Catalog collaborators can add assets to the catalog to share with others or find and use assets in the following ways:

  • Data engineers add cleansed data, virtualized data, and integrated data to the catalog.
  • Data engineers import tables or files from a data source to the catalog.
  • Data scientists and business analysts find data assets in catalogs and add them to projects to work with the data.

Data assets accumulate metadata over time in the following ways:

  • Data assets are profiled, which automatically assigns predefined data classes that describe the format of the data.
  • Catalog collaborators add tags, predefined business terms, data classes, and classifications, relationships, and ratings to assets.
  • All actions on assets are automatically saved in the asset history.

See Creating a catalog.

Customization options for data governance

You can add or update any of these custom options to your data governance implementation at any time. When your data changes, you can reimport metadata about the tables or files and enrich your data assets with your business vocabulary and data quality analysis. You can create increasingly precise rules to protect data as you expand your business vocabulary. Throughout the data governance cycle, your data scientists and other data consumers can find trusted data in catalogs. The following illustration shows how data governance is a continuous cycle of refreshing the metadata for data assets to reflect changes in the data and changes in your business vocabulary.

The cycle of data governance tasks

Establish your business vocabulary

  • Your governance team can establish a business vocabulary that describes the meaning of data with business terms and the format of data with data classes. A business vocabulary helps your business users more easily find what they are looking for using nontechnical terms.
  • Your team can quickly establish your business vocabulary by importing your existing business vocabulary or importing Knowledge Accelerators that provide between dozens to thousands of governance artifacts.
  • Your Watson Knowledge Catalog administrator can customize the workflow, organization, properties, and relationships of governance artifacts.

See Planning to implement a governance framework.

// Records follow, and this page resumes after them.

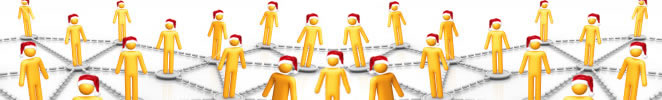 XIGNITE HOMEPAGE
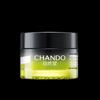 CHANDO Men's Glacier Oil Control Balancing Cream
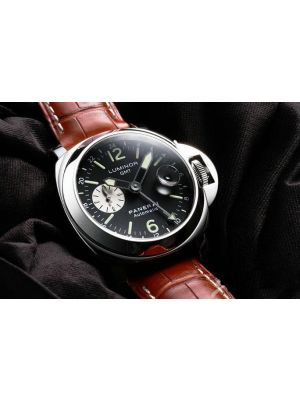 Panerai Luminor GMT PAM 88 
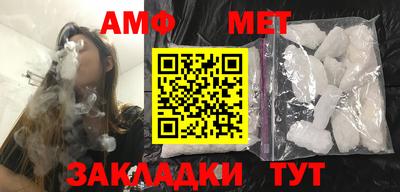 не бодяженный Кимры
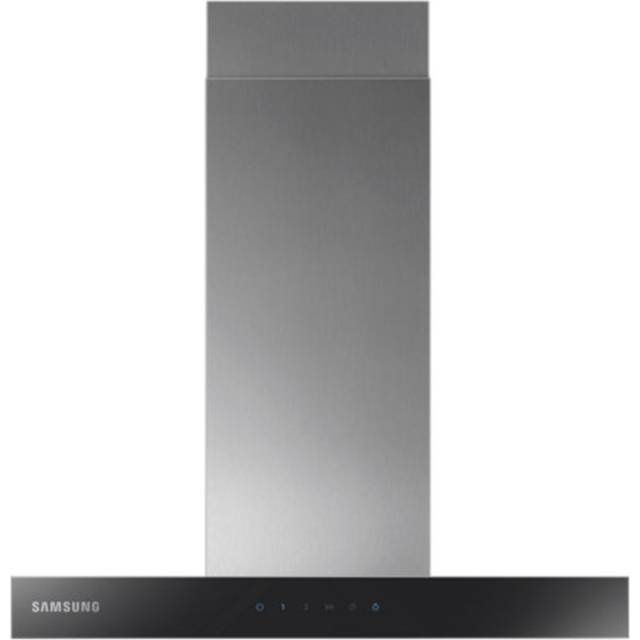 NK24M5070BS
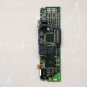 FANUC BOARD A20B-2100-0740 EXPEDITED SHIPPING A20B21000740 USED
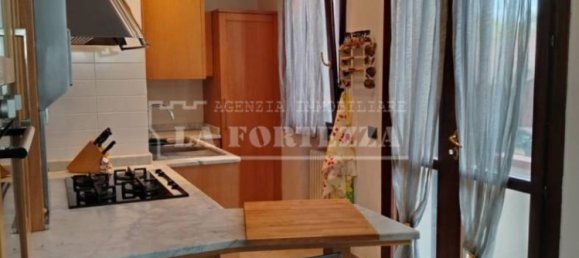 Villa de 3 dormitorios en San Giuliano Terme, Italy No. 178824 30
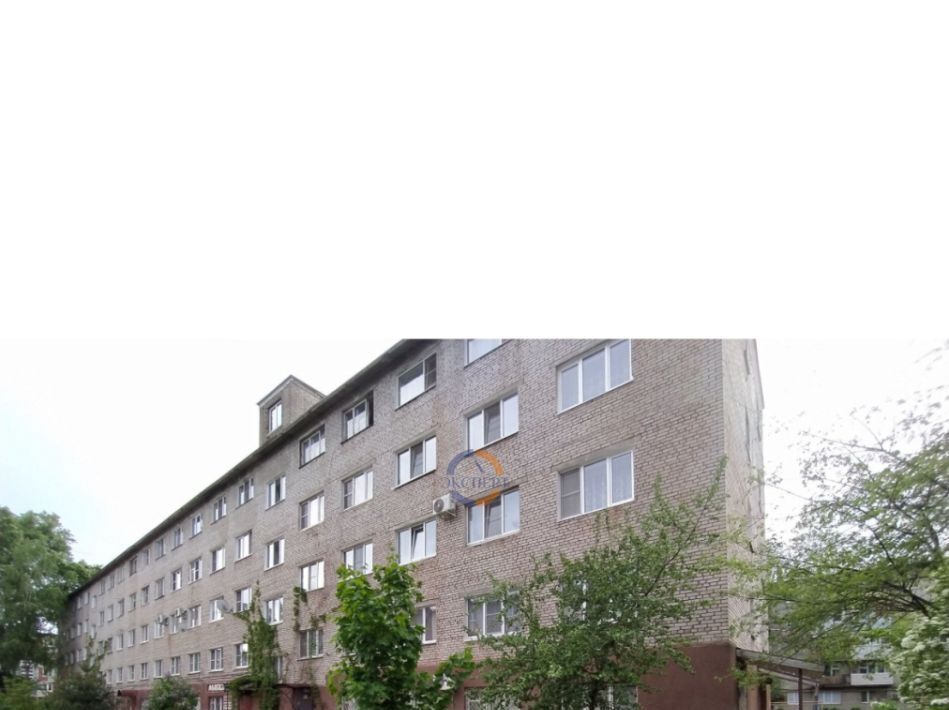 квартира г Великий Новгород ул Ломоносова 3к/2 фото 12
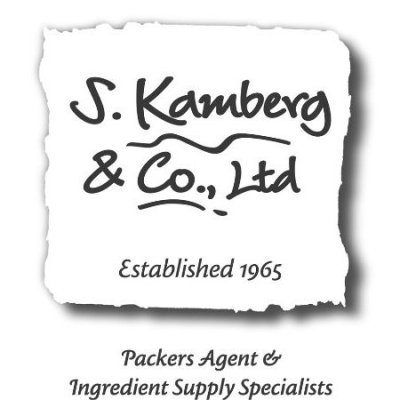 Mark Kamberg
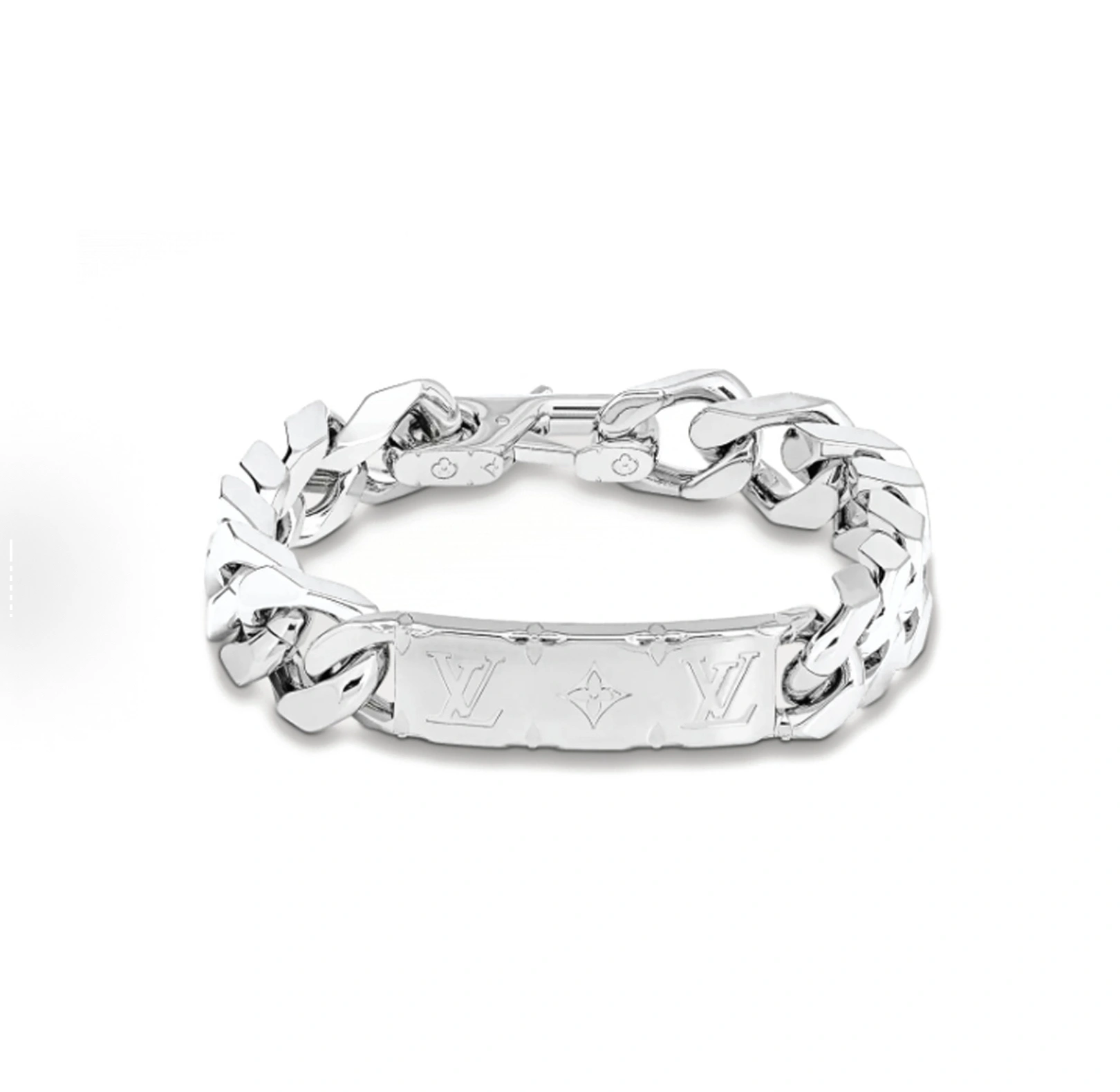 Barbara-- 8V bracelet M00270 item : E-S006K0215H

Import and enrich data assets with your business vocabulary

  • Data stewards can regularly run metadata import and enrichment jobs that update the catalog with changes to tables or files from your data sources and automatically assign the appropriate business terms and data classes.
  • When your team adds governance artifacts, the metadata enrichment jobs suggest the new artifacts to the new or updated data assets.
  • When data stewards confirm or adjust business term assignments during metadata enrichment, the machine learning algorithms for term assignment become more accurate for your data.
  • Data stewards can configure metadata import and enrichment to run only when changes are detected.

See Planning to curate data assets to share in catalogs.

Analyze data quality

  • Data stewards can analyze data quality with default settings during metadata enrichment. Data quality analysis is applied to each asset as a whole and to columns in tables.
  • Data stewards can create custom data quality definitions and apply them in data quality rules, or apply SQL-based data quality rules.

See Planning to curate data assets to share in catalogs.

Protect your data with rules

  • Your governance team can create a plan for data protection rules by writing policies that document your organization’s standards and guidelines for protecting and managing data. For example, a policy can describe a specific regulation and how a data protection rule ensures compliance with that regulation.
  • Your governance team can create data protection rules that define how to keep private information private. Data protection rules are automatically evaluated for enforcement every time a user attempts to access a data asset in any governed catalog on the platform. Data protection rules can define how to control access to data, mask sensitive values, or filter rows from data assets.
  • Your team can start with data protection rules that are based on custom tags, users, or predefined data classes, business terms, and classifications. When your governance team adds governance artifacts, the team can define data protection rules based on your business vocabulary.
  • Data engineers can enforce data protection rules on virtualized data.
  • Data engineers can permanently mask data in data assets with masking flows.

See Planning to protect data with rules.

Getting started with Watson Knowledge Catalog

The tasks to get started with Watson Knowledge Catalog depend on your goal. The actions that you can take are defined by your Cloud Pak for Data service access roles. Some actions also have workspace role requirements, such as being a collaborator in a catalog or category.

To check your service access roles, see Determining your IBM Cloud account and service access roles. To understand your Watson Knowledge Catalog roles, see user roles and permissions.

The following table shows common goals, the required Cloud Pak for Data service access roles, and links to information to get you started.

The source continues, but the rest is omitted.